BRIEF:
Copy word for word, please, the lines of the entries below running from the one containing "Arges Dolap 3" to the one containing "Книга Инструментальное дело", both ends included.

MATERIAL SUPPLIED:

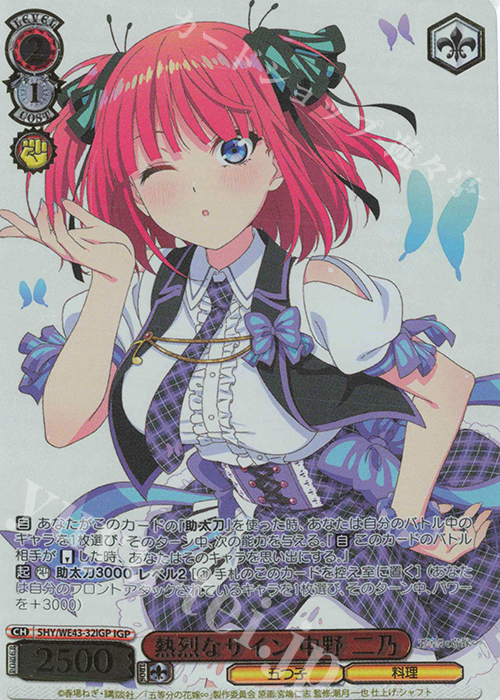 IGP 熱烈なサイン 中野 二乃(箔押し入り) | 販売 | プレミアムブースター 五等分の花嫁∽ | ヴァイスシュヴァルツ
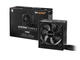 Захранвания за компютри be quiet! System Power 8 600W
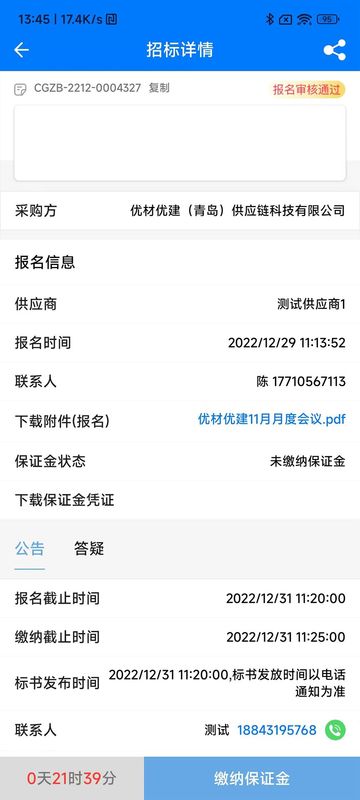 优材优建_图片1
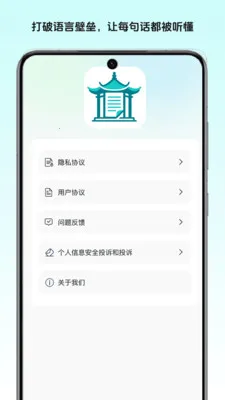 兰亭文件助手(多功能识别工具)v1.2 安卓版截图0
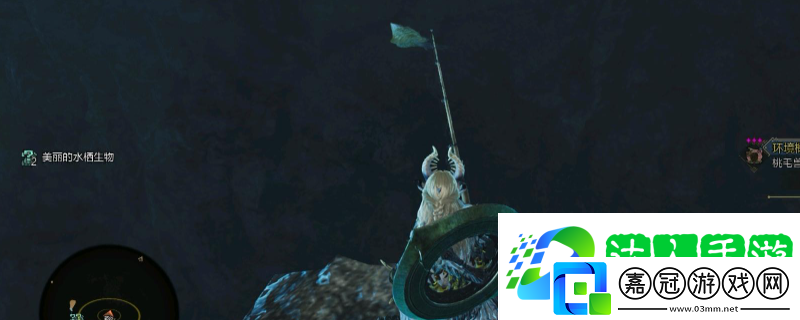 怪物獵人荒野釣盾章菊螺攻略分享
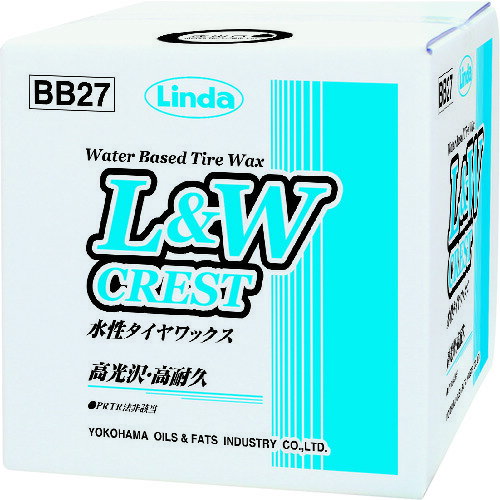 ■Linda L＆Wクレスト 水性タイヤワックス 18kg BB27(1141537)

...

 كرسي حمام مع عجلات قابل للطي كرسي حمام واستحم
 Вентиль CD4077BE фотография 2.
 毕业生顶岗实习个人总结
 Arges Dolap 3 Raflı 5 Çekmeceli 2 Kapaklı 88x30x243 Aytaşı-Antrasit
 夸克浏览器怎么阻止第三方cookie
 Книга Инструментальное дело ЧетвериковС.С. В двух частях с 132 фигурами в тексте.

EXPECTED OUTPUT:
 Arges Dolap 3 Raflı 5 Çekmeceli 2 Kapaklı 88x30x243 Aytaşı-Antrasit
 夸克浏览器怎么阻止第三方cookie
 Книга Инструментальное дело ЧетвериковС.С. В двух частях с 132 фигурами в тексте.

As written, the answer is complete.